Edit: Taste wise, it is similar to quark I would say, but maybe more smooth and gelatinous. Like a lighter version of the Morrisons quark. Quark crossed with greek yogurt might be a way of explaining it.


----------



## Warman (Aug 13, 2010)

Quark is also a very valid option cheap 80p for 250g Mix it with jam or something for a quick fix..


----------



## UKBenC (May 23, 2011)

I usually have a 5/6 egg omlette with ham and cheese!


----------



## doylejlw (Feb 14, 2010)

steak, eggs, kebab, what ever take my fancy to be honest.


----------



## Ts23 (Jan 14, 2011)

my girlfriends clam is usually the last thing i eat.


----------



## Breda (May 2, 2011)

bassline boy said:


> does she eat your mini peperoni?


you mean his cocktail sausage


----------



## irishdude (Sep 26, 2009)

Huge fan of quark, love the stuff. Usually mix in some flavoured whey and walnuts.


----------



## Jaymond0 (May 14, 2011)

.. as well as having meat avec veg shortly before bed, I've started drinking a pint of water right before bed so that I wake approx 3 hours later for a whizz with a

pro shake waiting in the bathroom to down before I go back to bed. Sneaky way of shortening that starvation period.


----------



## Greenspin (Dec 27, 2010)

Jaymond0 said:


> .. as well as having meat avec veg shortly before bed, I've started drinking a pint of water right before bed so that I wake approx 3 hours later for a whizz with a
> 
> pro shake waiting in the bathroom to down before I go back to bed. *Sneaky way of shortening that starvation period.*


There is not going to be 1 iota of starvation 3 hours after you have just eaten meat and veg. Just because you go to sleep, does not automatically make you go into so called starvation. In fact, sleep is going to reduce your energy requirements, so less likely you will starve.


----------



## Jaymond0 (May 14, 2011)

Haha by starvation you take me far too seriously on that note dude. lol.

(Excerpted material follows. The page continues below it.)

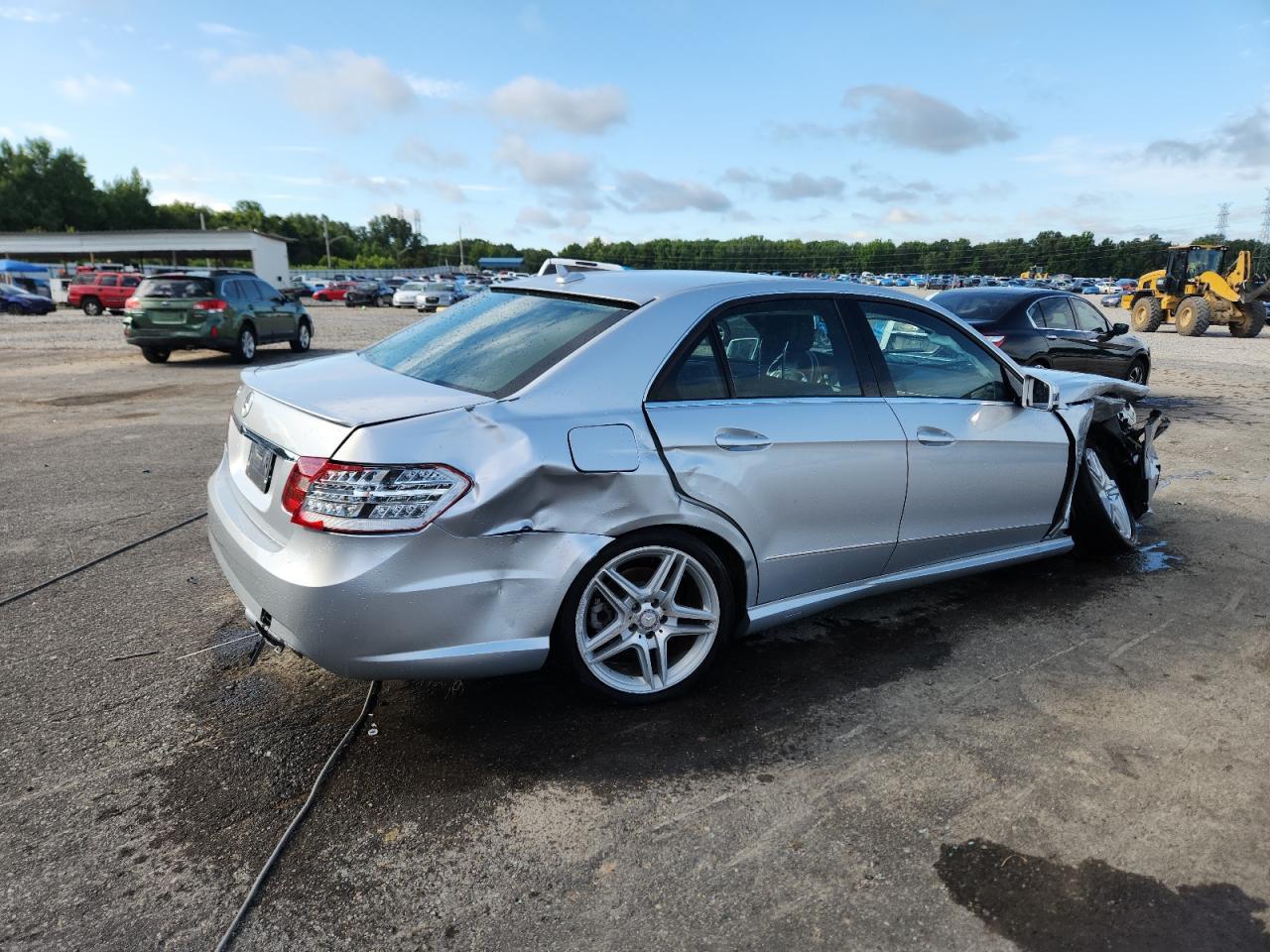 2012 MERCEDES-BENZ E-Class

I sleep roughly 9 hours per night. I used to often wake up really hungry half way through the night with my stomach rumbling for food but used to just go back to sleep. I have recently found out that in training, training for a marathon or bulking up or training for strength, if you are hungry at any stage you ARE DOING DAMAGE to your body. FACT.

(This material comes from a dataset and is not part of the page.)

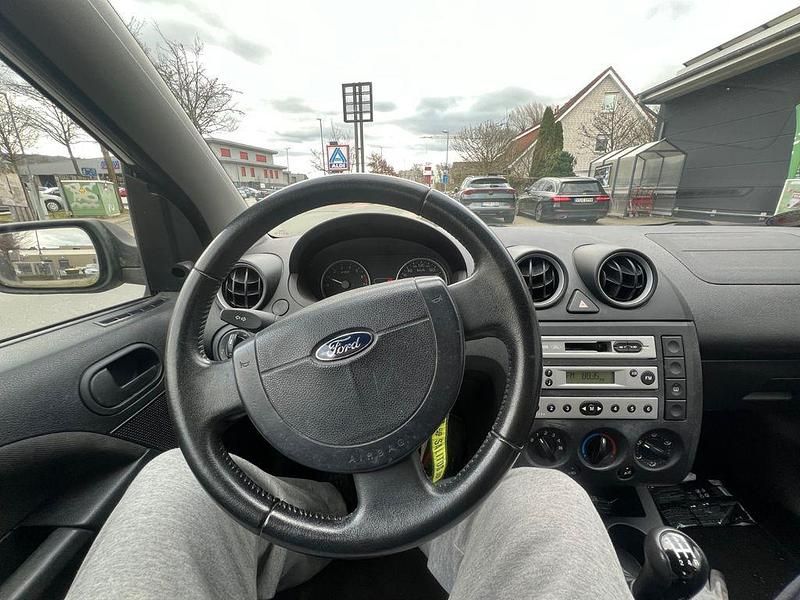 Gebraucht Ford Fiesta 60 PS (44 kW) 2004 Blau Kleinwagen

My gains since introducing the shake when I wake half way through the night has been noticibale mainly on recovery. about 4 weeks into doing this now.


----------



## El Toro Mr UK98 (Nov 11, 2011)

I have a ten egg omelette, 2 yolks rest whites then 20 mins later ill take 10 - 15 g of glutamine, and ZMAs then 10 mins after i take a hand full of gasparis aminomax 6000 BCAAs then my body is primed for growth an repair


----------



## monkeybiker (Jul 21, 2010)

Jaymond0 said:


> .. as well as having meat avec veg shortly before bed, I've started drinking a pint of water right before bed so that I wake approx 3 hours later for a whizz with a
> 
> pro shake waiting in the bathroom to down before I go back to bed. Sneaky way of shortening that starvation period.


Why not just eat more before you go to bed then you wouldn't have to disturb your sleep.


----------



## Jaymond0 (May 14, 2011)

monkeybiker said:


> Why not just eat more before you go to bed then you wouldn't have to disturb your sleep.

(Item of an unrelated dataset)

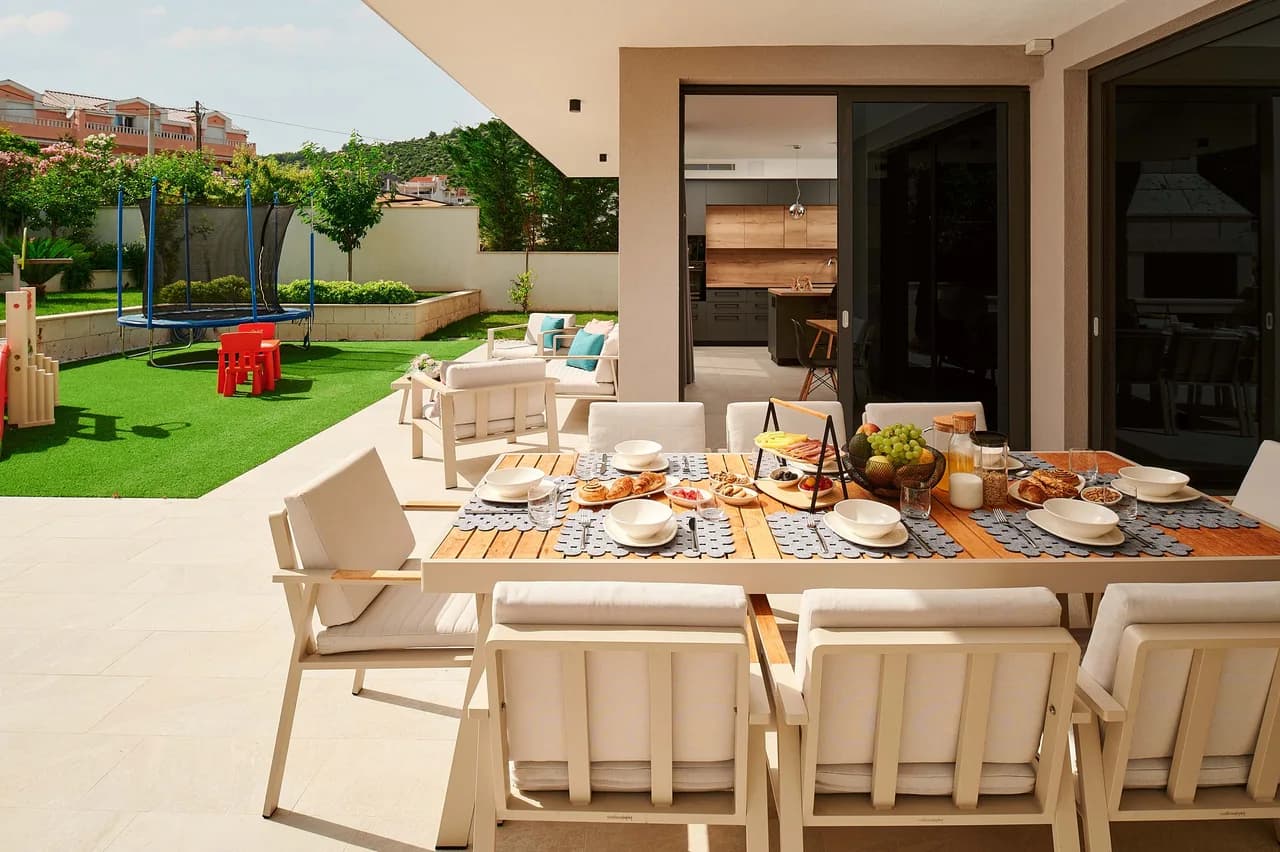 Marina's World Class Villa 4BR Family Oceanfront photo 4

Because going to bed on a full stomach is not very comfortable, not one bit! As long as I'm benefiting from what I'm doing and making gains, I'm happy laughing! :laugh:


----------



## Outtapped (Dec 10, 2012)

just to reiterate what greenspin has said, it doesnt matter what you are eating before bed, as long as you can sleep well on x amount and your overall cals are sufficient then you are ok


----------